Chare array broadcast messages don't appear to be freed by the runtime
Need to debug further, but it seems like doing many broadcasts we run out of memory eventually do to the messages not being freed.
This should only affect parameter marshalled entry methods and [nokeep] broadcasts, where the user doesn't take ownership of the message object.
This patch made CmiRefeference atomic somewhat recently, and could possibly be affecting the broadcast code: https://charm.cs.illinois.edu/gerrit/#/c/charm/+/4108/
#2 Updated by Juan Galvez 6 months ago
I haven't looked at the array broadcast internals to know what the issue is, but it's possible that this works this way to support anytime migrations.

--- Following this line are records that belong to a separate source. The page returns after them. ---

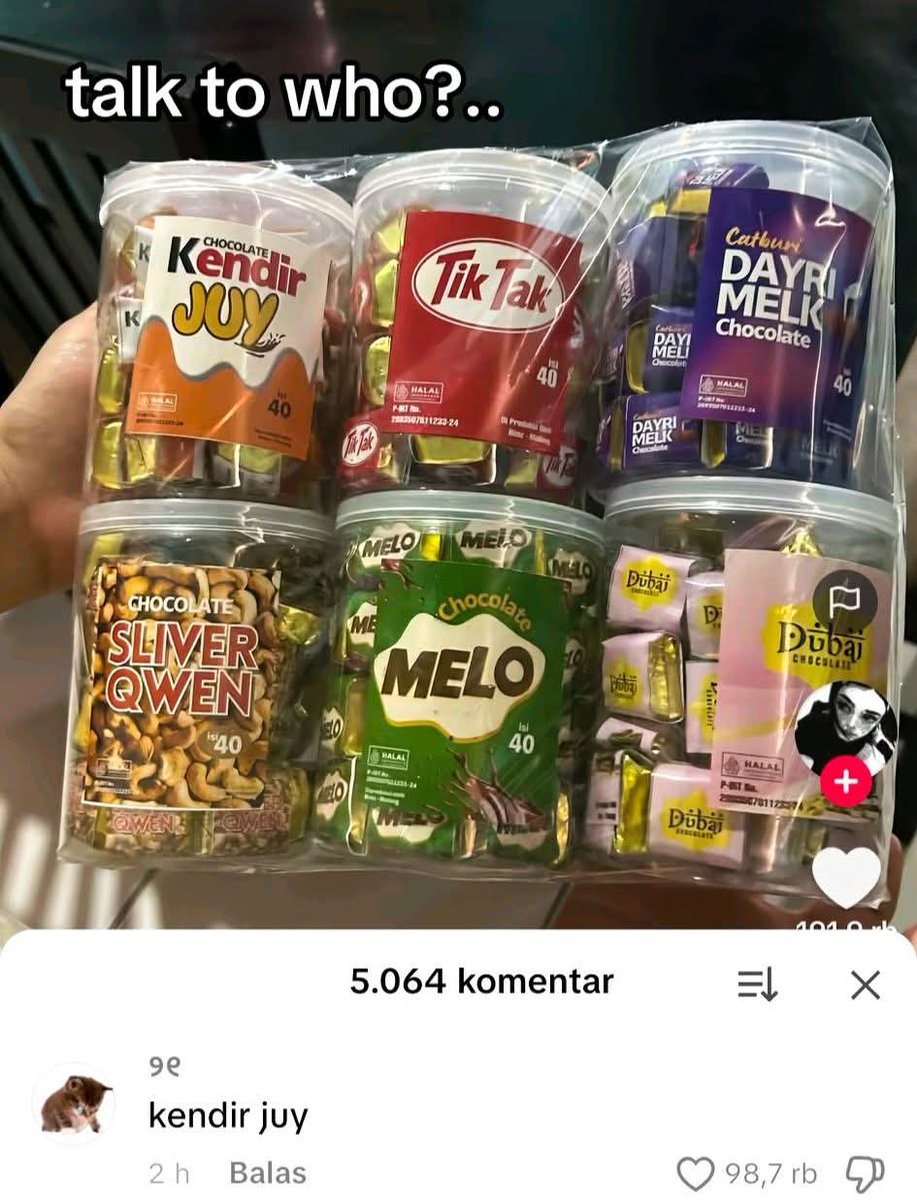 Mbak kun tweet media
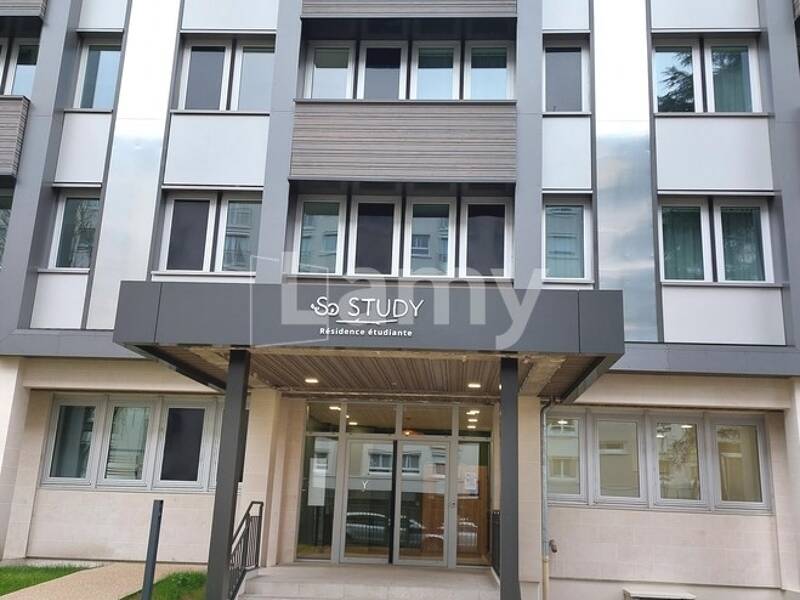 Maison à louer, 25m², ORLEANS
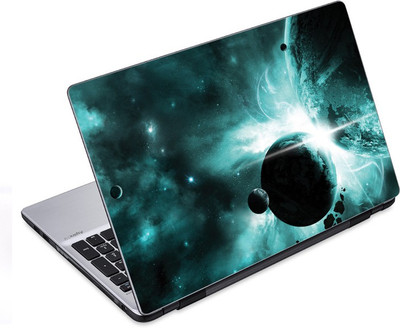 

ezyPRNT Abstract Art H (10 to 10.9 inch) Vinyl Laptop Decal 10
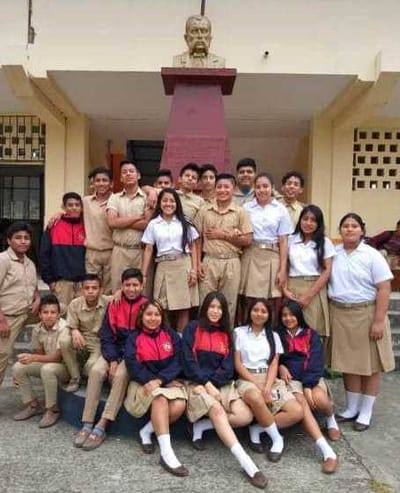 BACHILLERATO  TÉCNICO  (BT) image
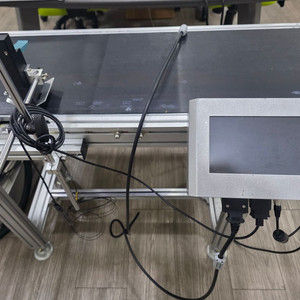 국산 잉크젯 마킹기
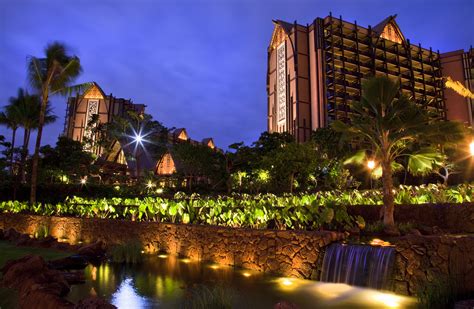 Aulani New Entertainment And Dining Experiences This Fall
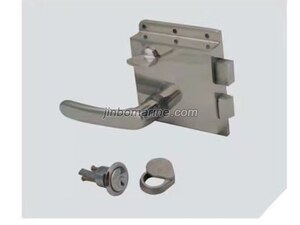 C-2 Fire Protection Vessel Door Lock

If PEs need to be able to store messages for a time because some chare might arrive that has not received the broadcast message, then the solution to the problem might not be obvious. Obviously you would have to purge the messages after a point, but when? If this is the case, this is likely to affect any type of messages, not just marshalled. If the user is supposed to take ownership of the message, the array manager needs to keep the original copy of the message to be able to give it to other array elements.

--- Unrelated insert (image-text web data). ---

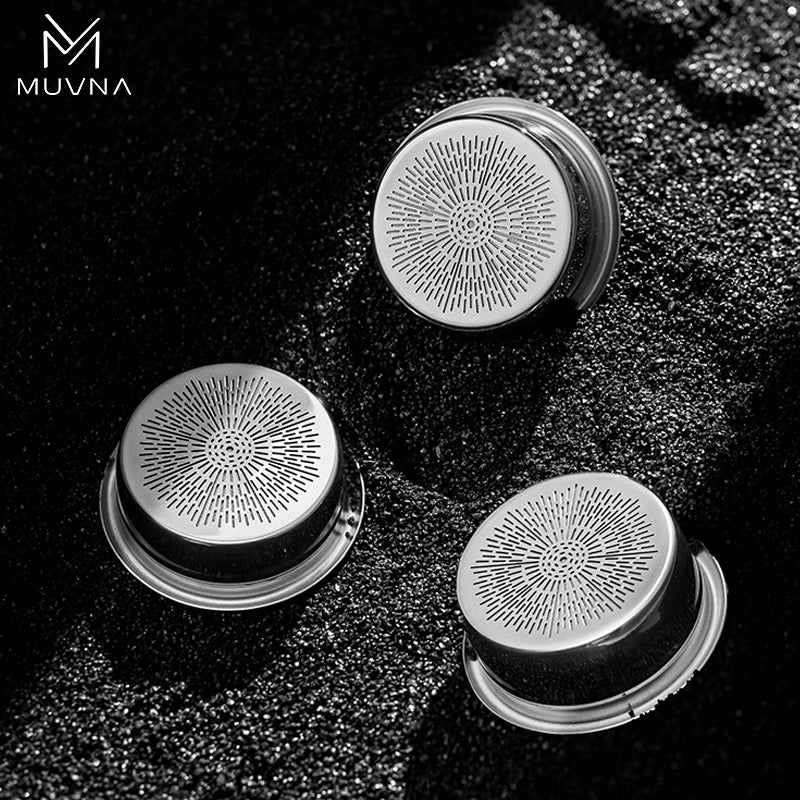 MUVNA Nika Filter Basket 58.5mm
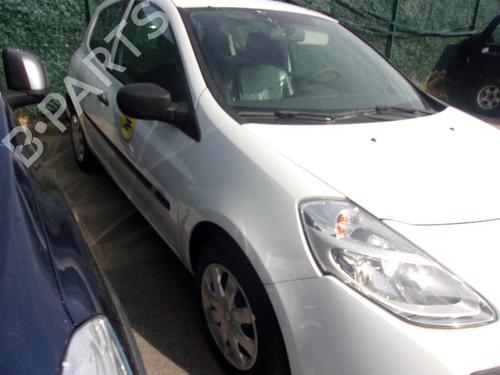 Cable RENAULT CLIO III (BR0/1, CR0/1) 1.5 dCi | BP36726357E12 - Image 2
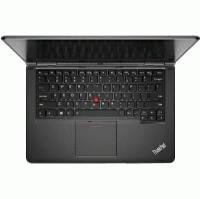 ноутбук Lenovo ThinkPad Yoga S1 20CDA00YRT Черный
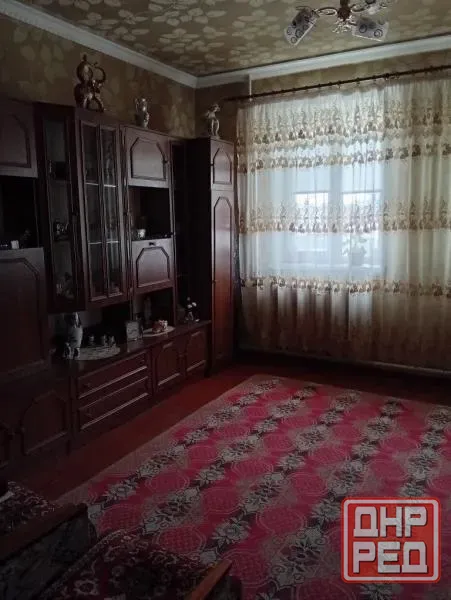Продается дом,78м2,Калининский р-н. Цена 9млн. Донецк - изображение 10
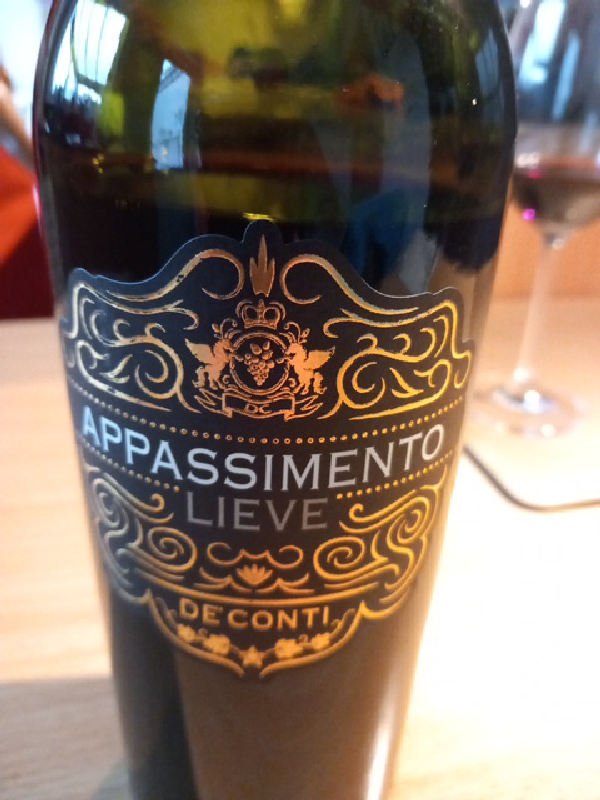 Appassimento Lieve - Image 1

That's true. AMPI (and possibly other applications) sets '_isAnytimeMigration = false;' and '_isStaticInsertion = true;' inside an [initnode] routine, which is supposed to be used by the runtime to detect if the array has "stable locations". If you grep for "stableLocations" in src/ck-core/ you'll see some code that is supposed to conditionally either do "spring cleaning" of broadcast messages every so often (currently 1 min, which seems arbitrary) or delete broadcast messages after finishing delivering them on each PE.

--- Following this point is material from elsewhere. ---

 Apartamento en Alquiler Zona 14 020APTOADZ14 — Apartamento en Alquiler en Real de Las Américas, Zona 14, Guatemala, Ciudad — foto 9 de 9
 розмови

My guess is that your benchmark does not set the above values or use CkArrayOptions to specify that it has "stable locations", so you are getting the spring cleaning behavior and your benchmark takes less than a minute to run so it never gets there? If that's the case, we can decrease the spring cleaning time interval some, at least. Or maybe there's really something broken with spring cleaning and/or the stable locations code path...
#4 Updated by Juan Galvez 6 months ago
I'm just running with default values, so spring cleaning option seems to be the default. I didn't know about the other options.
I ran another test, where the broadcast volume is lower, and mem usage stops growing at approximately 120 seconds into the program. It doesn't free all the messages (just the oldest ones) so mem usage doesn't decrease all at once, it just basically stops growing. Weirdly if 1 minute is the default I don't know why it stops growing at 2 minutes.
Anyway, I don't like timers since they are completely arbitrary and one value for the timer might work well for some application but not another. Still, there might not be a better solution. If timers is the way to go, it might be possible to use a pretty small value as default (a few seconds?), and have the runtime abort with a message if a migrating chare misses a message. Message could say something like: "increase timer with this command line option". I bet most applications wouldn't even encounter this message.
I don't have any real use case where spring cleaning behavior is problematic (i.e. where the rate of broadcasts is so high as to consume lots of memory). I encountered the issue because of a bug in my code. But since spring cleaning is the default, I think it's best to avoid the unnecessary memory consumption for long periods of time since we shouldn't assume anything about other users' code or memory constraints.
Yeah, I agree with everything you said. Timer defaults are always hacky, but 1 or 5 seconds seems better than 1 minute to me (plus adding an abort message). Can you also confirm that if you set the stableLocations option to true, the memory of broadcast messages is always freed?
We can also discuss changing the default to be no anytime migration in Charm++ v7.0. (Plus you could make it the default in CharmPy earlier if you wanted)
#7 Updated by Juan Galvez 6 months ago
One case that occurs to me that could be problematic is a typical implementation of Stochastic Gradient Descent commonly used in Deep Learning. The parallel implementation is basically a loop where each worker does some computation, and then AllReduce happens so that workers communicate the averaged model parameters to other workers. And this happen for X number of iterations until convergence is reached. The problem is that model sizes can be several hundred MB, and if the allreduce is implemented as reduction followed by broadcast, that means each iteration there is a broadcast of several hundred MBs.
#9 Updated by Jim Phillips 6 months ago
Perhaps spring cleaning could be triggered by the number of accumulated broadcasts (and/or amount of memory used by accumulated broadcasts) to a single array rather than by elapsed time. Or, rather than broadcasting to all nodes, you build a node-adapted tree of array elements and periodically update the tree to correspond to the node topology.
I agree with Jim's suggestion for moving away from a timer-based spring cleaning mechanism. I don't think the documentation currently mentions that you can set '_isAnytimeMigration = false;' and '_isStaticInsertion = true;' inside an [initnode] routine or by setting CkArrayOptions for those options.
In Charm v7.0 we are proposing to make no anytime migration and static insertion the defaults, with opt-in-ability for anytime migration and dynamic insertion.